According to economists Banerjee & Duflo, “The poor are skeptical about their supposed opportunities, and the possibility of any radical change in their lives…Therefore, they focus on the here and now, on living their lives as pleasantly as possible, and on celebrating when the occasion demands it.”

–Lynne Diligent

 

“No One Told Them to Have Children!” Is Becoming a Mainstream Attitude Today

March 7, 2015

Poor people having children

An economic trend and a social trend have combined today such that parents are now being judged today by a completely new set of criteria.

With the decline of the middle class, more people than ever before are being judged by the criteria, “No one told them to have children!”  In other words, the new criteria means that instead of full adulthood being conferred only upon those who have become parents and householders, that adults are now judged as being irresponsible for becoming parents, unless they can provide a middle-class standard or above for raising their children.

How did this change come about, and in only two generations?

The first element was a social change, with the sexual revolution, with availability and acceptability of contraception and abortion, and more young married adults choosing a child-free lifestyle.  A generation ago, those choosing to be child-free were called selfish.  Now, they are called responsible, especially if their incomes are not up to an upper-middle-class level.

In today’s America, getting married and having children is no longer the normal progression of adult life.  Now, it’s about finding a job or career which pays enough to afford a middle-class lifestyle.  Anyone who has children, by choice or mistakenly, without having achieved that, is now judged harshly as being a burden on society.

Thus, the middle classes are very careful now to have only one or two children.
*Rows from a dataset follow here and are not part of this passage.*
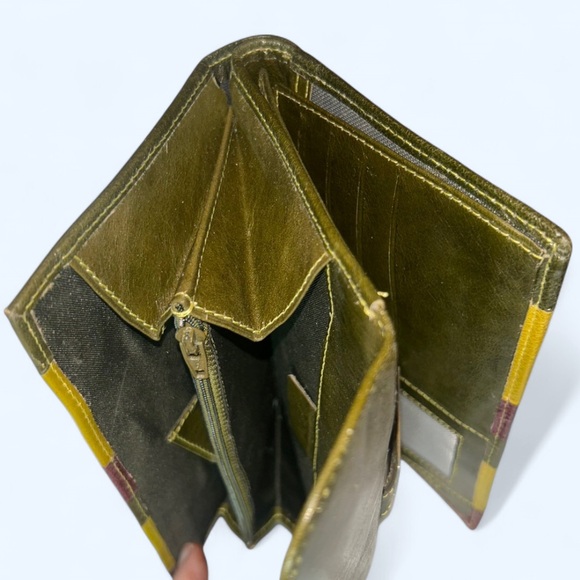 Mundi Vintage Patchwork Leather Trifold Wallet | Earth Tone Colorblock - Picture 5 of 6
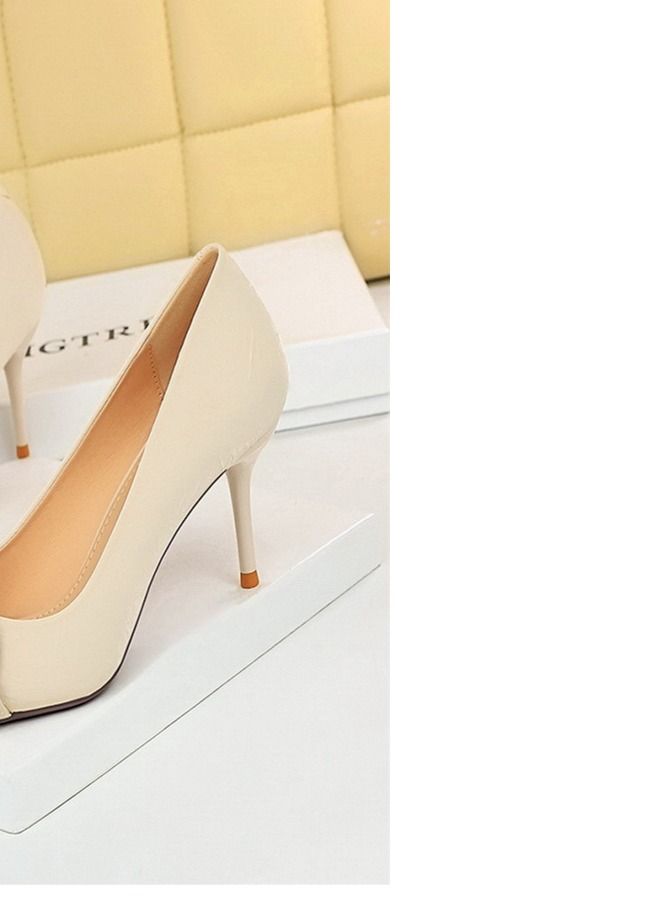 BIGTREE حذاء بكعب عالٍ بمشبك معدني كبير ومدبب بشكل ضحل 7.5 سم، أبيض - Image 3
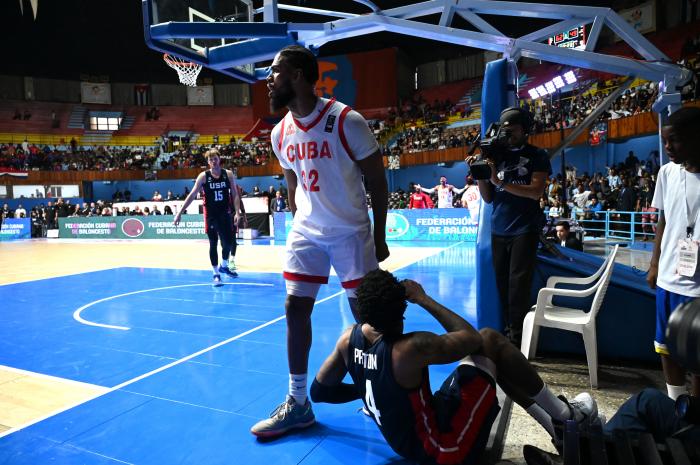 Baloncesto M Cuba vs EEUU Ventana America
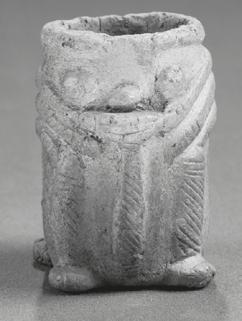 Cultura: Ylama (3.500-2.000 antes del presente) Dimensiones: 14.4 x 14.2 cm. octubre Figura con la representación de un vaso culebrero, muy parecido a de la imagen anterior.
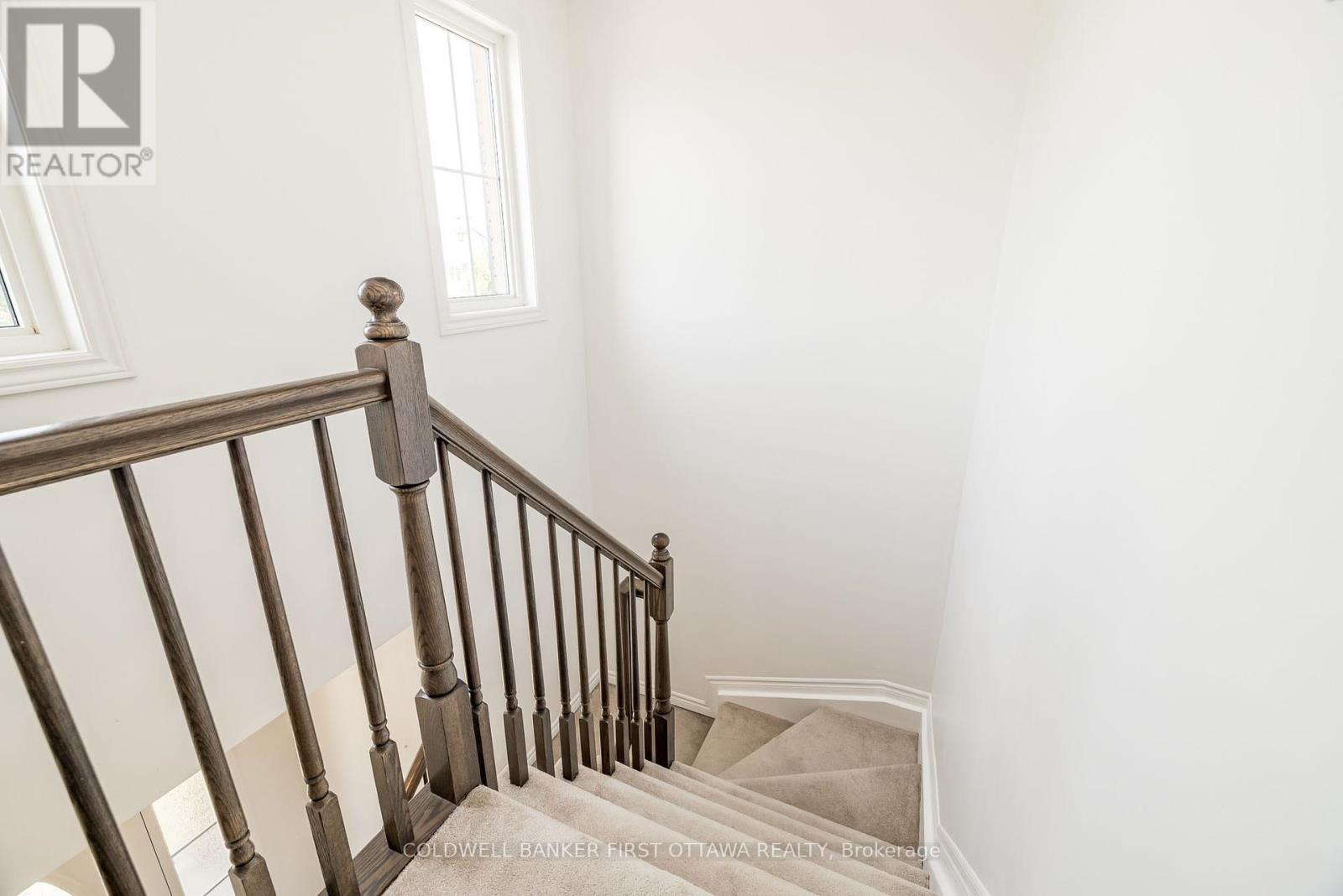 Photo 15 of 170 Flowing Creek Circle, Ottawa ON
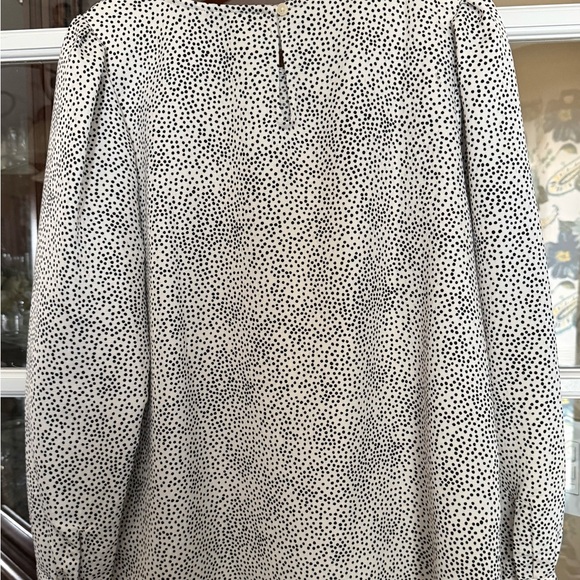 LOFT Black and White Dotted Shirt. Keyhole opening back, button cuff, side slit. - Picture 7 of 8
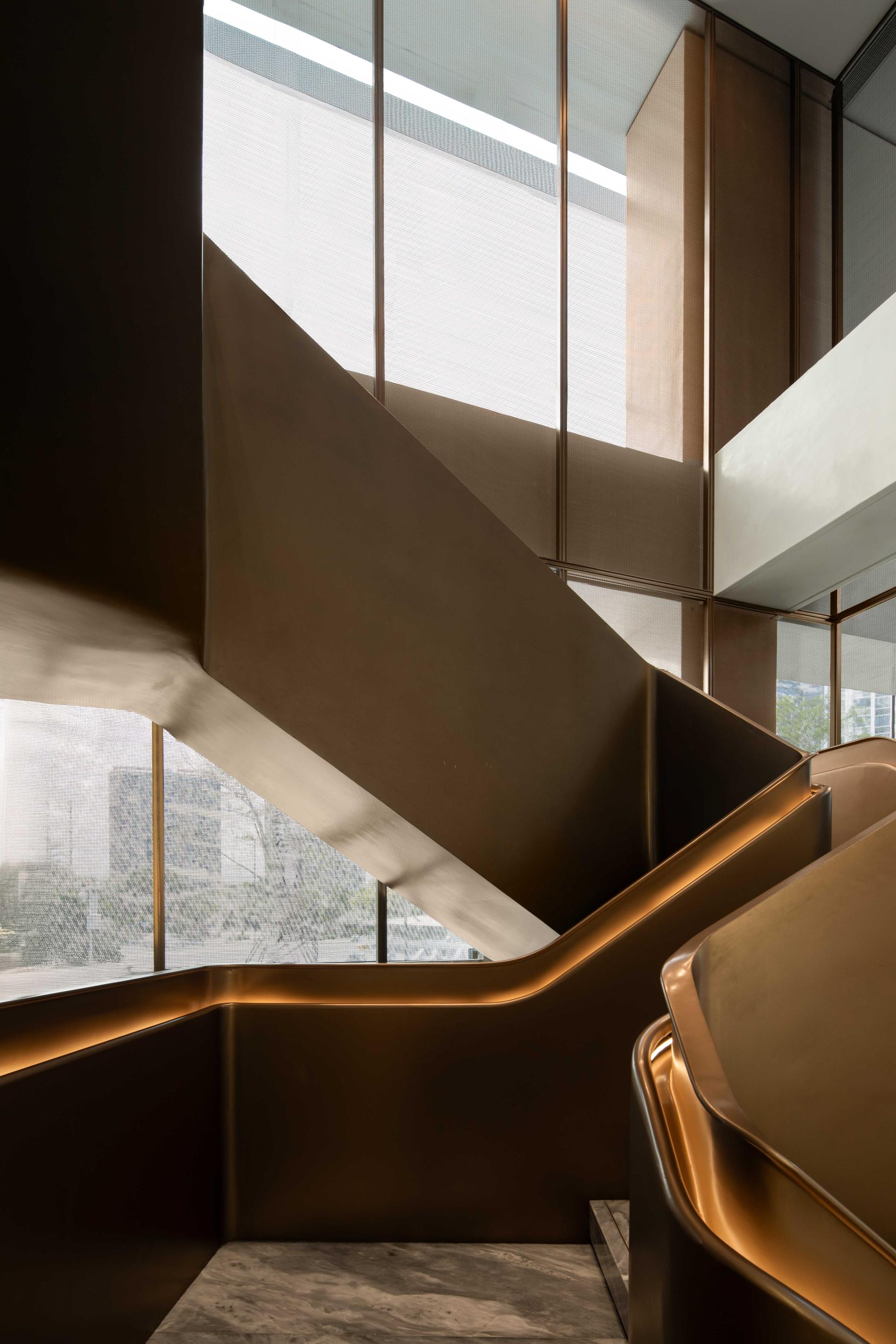 London Design Awards Winner - Sanya Manwan Sales Office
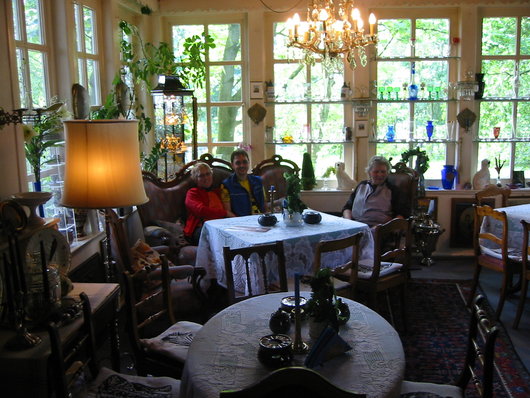 Im Antiquit&auml;ten-Cafe Schwarmstedt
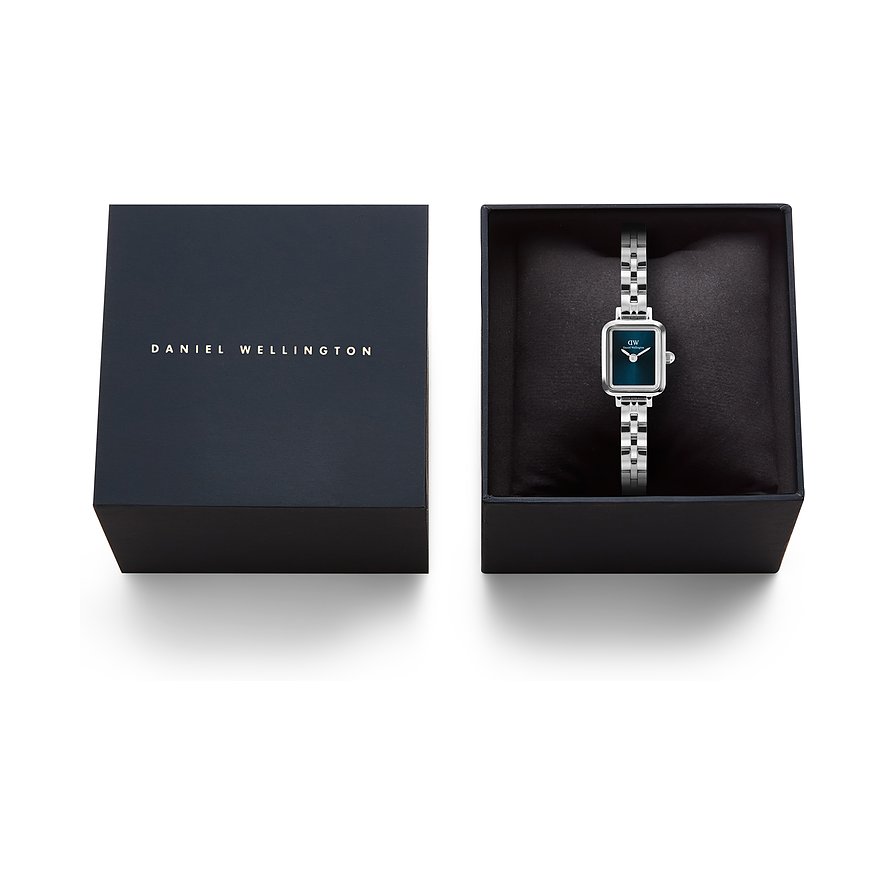 Die Daniel Wellington Damenuhr aus Edelstahl mit eckigem, blauem Zifferblatt liegt in einer offenen Geschenkbox.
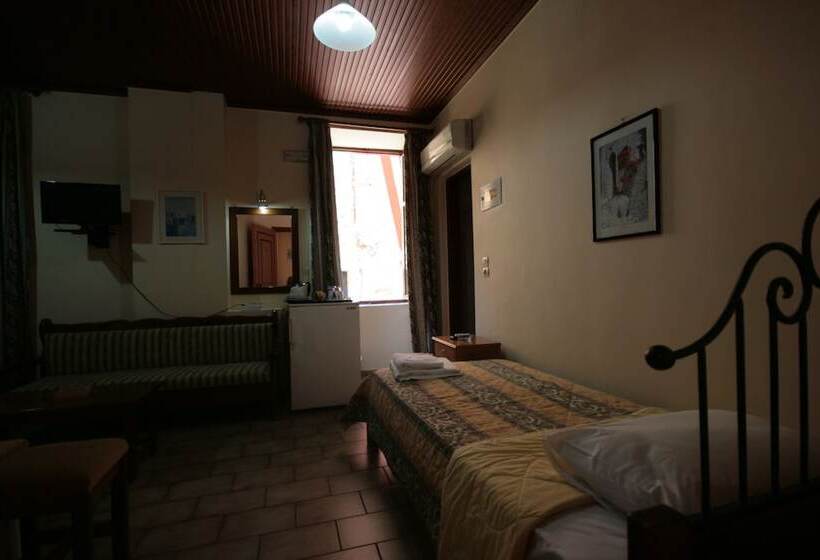 标准三人间, Helena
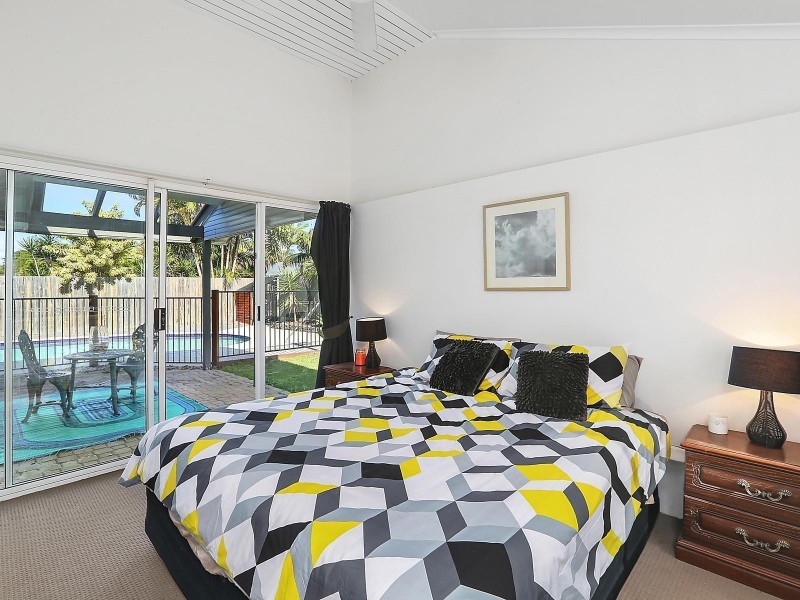 11 Sharon Crescent, Mountain Creek QLD 4557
A few upper-middle-class  families have several children, and can well afford them, but more are having only two children.  Lower-middle-class  parents, as well as any parents who are struggling financially, are now viewed as irresponsible, and that their problems are of their own making.  “No one told them to have children!” is now a common judgement by those without children.

The poor (even the married poor) are judged most harshly for having children, whereas in the past the married poor would have been expected to have children.  The poor often have more children, but not always for the reasons (irresponsibility) that the childless or better-off imagine.  (Those reasons are not the subject of this post.)

In the past, only Catholics were judged for having too many children and being poor because of it.  Now, all poor families are judged for having any children at all.

To other cultures, the new situation in America appears incredible.  Other societies view children as the foundation of their growth and family support of the different generations throughout life as a necessity.  Other societies place less burden on young parents, whether they provide free daycare for working mothers (European societies) or inter-generational child care for children, or even the support of having maids at home,  to enable parents to work.

Two generations ago, the norm was that women were at home caring for children, while men worked.  But as women have gone to work, American society has not provided any workable childcare solution compared to other societies.  The result is that now, it has become socially acceptable and even common to judge that whole classes of people should no longer be having children at all.